Having heard Dee Williams' downsizing story, Hong Kong householders who believe their living quarters cramp their style - and their ability to store box after redundant box of neglected consumer baubles - might just abandon their expansionist dreams and agree that small really is beautiful.
But first, the house: a mobile, timber, A-frame dwelling parked in Olympia, Washington, in the United States, when not on show at an occasional Earth Day event. "It's 84 square feet because that's the size of the trailer it sits on," says sustainability advocate Williams from her dining table-sized "great room". "I have a kitchenette with a one-burner stove and a sleeping loft. I have an icebox instead of a fridge and a dry bathroom with a compost toilet, and I shower at work or in my neighbour's house," she adds. "There's an 11-foot ceiling, so it's not claustrophobic. To create a sense of space it's all in earth tones, with no super-bright colours. But it's less about square footage and more about what you're trying to bring into play. And I guess I just have excellent taste!"

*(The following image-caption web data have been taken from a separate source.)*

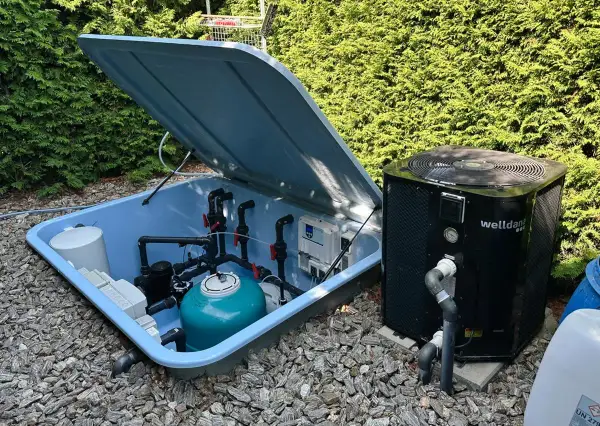System do podgrzewania wody w basenie: pompa ciepła obok niebieskiej skrzyni z filtrem i instalacją hydrauliczną.
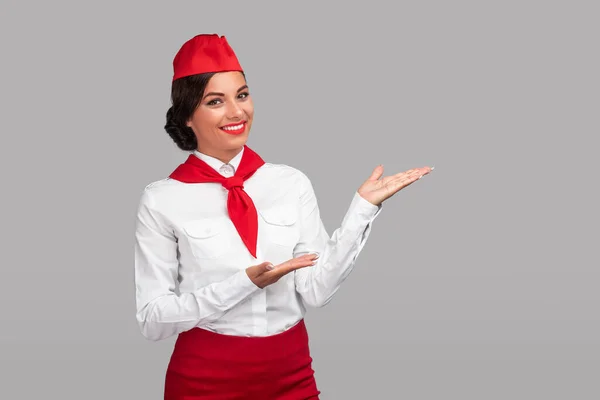 Hispanic stewardess demonstrating empty space — Stockfoto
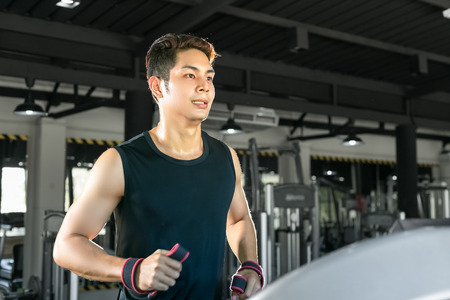 Smart man running on treadmill in gym.の写真素材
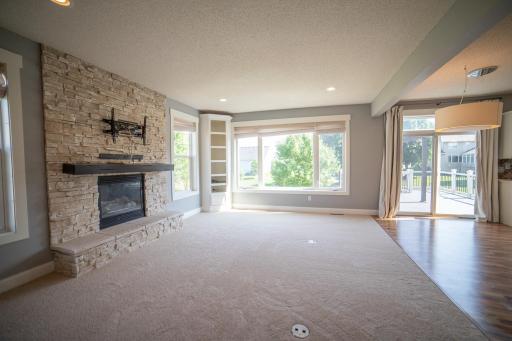 Light and airy living room with gas fireplace and stone surround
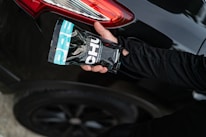 A hand holding a packaged product labeled 'CHU' is positioned near the rear light of a black car with a shiny surface. The product packaging features a combination of black, white, and turquoise colors. An arm dressed in a black long-sleeved garment extends towards the vehicle.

Downsizing is rarely undertaken in such literal fashion, so Williams, 50, reveals the reasons behind her radical lifestyle change in recently published memoir The Big Tiny. The house began to take shape after she collapsed in her local grocery store and almost died. "Someone started CPR, an ambulance came and I woke up a couple of days later. Something fundamentally changes when you start to recognise your own mortality."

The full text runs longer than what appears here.